Категория «оставшиеся» вообще уникальна: сама по себе война ещё не повод для её появления. Здесь требуется глубокая работа общественной мысли, дабы вырезать из общей глыбы конфликта людей, которые предпочли остаться «на дне», да ещё и сами оказались в этом виноваты. Разумеется, речь идёт не обо всех обитателях нашей картины, если уж и дальше эксплуатировать этот образ. Многие из населяющих сегодня Донецк, Макеевку, Харцызск и другие оккупированные города скажут вам, что нигде они не оставались, — они здесь были всегда. «Те, кто был» = «лоялен Кремлю». Их вы найдёте по всему полотну.
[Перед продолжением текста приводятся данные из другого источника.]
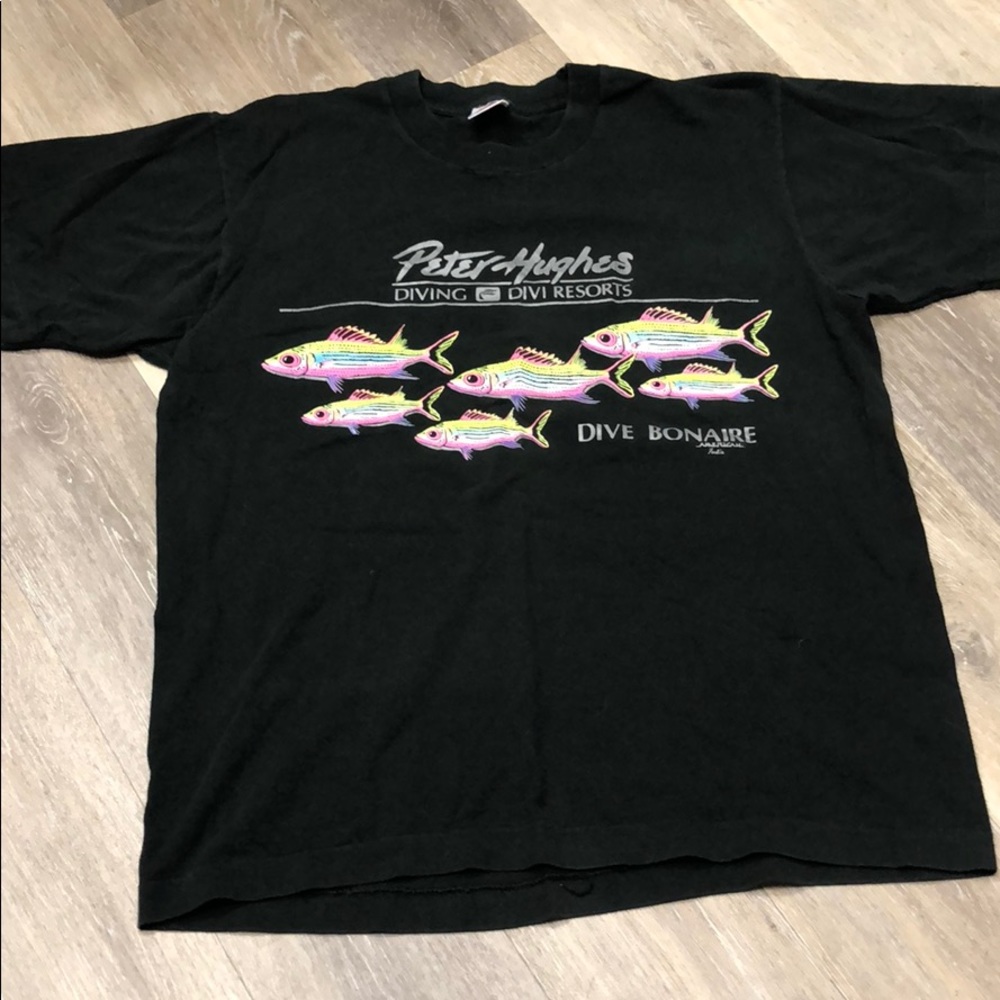 Vintage Diving Shirt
С «оставшимися» другая проблема. Уже само слово «остаться» ставит вас перед выбором, а это означает, что что-то не так. Речь идёт о людях, которые вопреки всему остаются здесь, в оккупации, с украинскими взглядами, продолжая жить среди описанных выше существ. И это далеко не абстракция. Было время, когда поездка в Донецк из Макеевки чем-то напоминала сегодняшнее путешествие из оккупации на материк. На улице Горностаевской, разделяющей Донецк и Макеевку, стоял укреплённый тяжёлыми плитами пост с десятком вооружённых боевиков. В соседней лесополосе были вырыты окопы и установлен пулемёт. Вокруг стоял гул от «Градов» и тянулись ручейки чёрного дыма со стороны аэропорта. Случалось, что в такой атмосфере вы ехали вдвоём или втроём в фактически пустом автобусе, и на самом блокпосту вас досматривали тщательнее, чем на сегодняшних КПП. Спрашивали всё: прописку, цель поездки в Донецк, место работы и прочее, совмещая допрос с обыском легковых автомобилей, когда забирали на нужды «республики» даже домашнюю живность и квас. И это при том, что до самого города от центра Макеевки каких-то семь километров.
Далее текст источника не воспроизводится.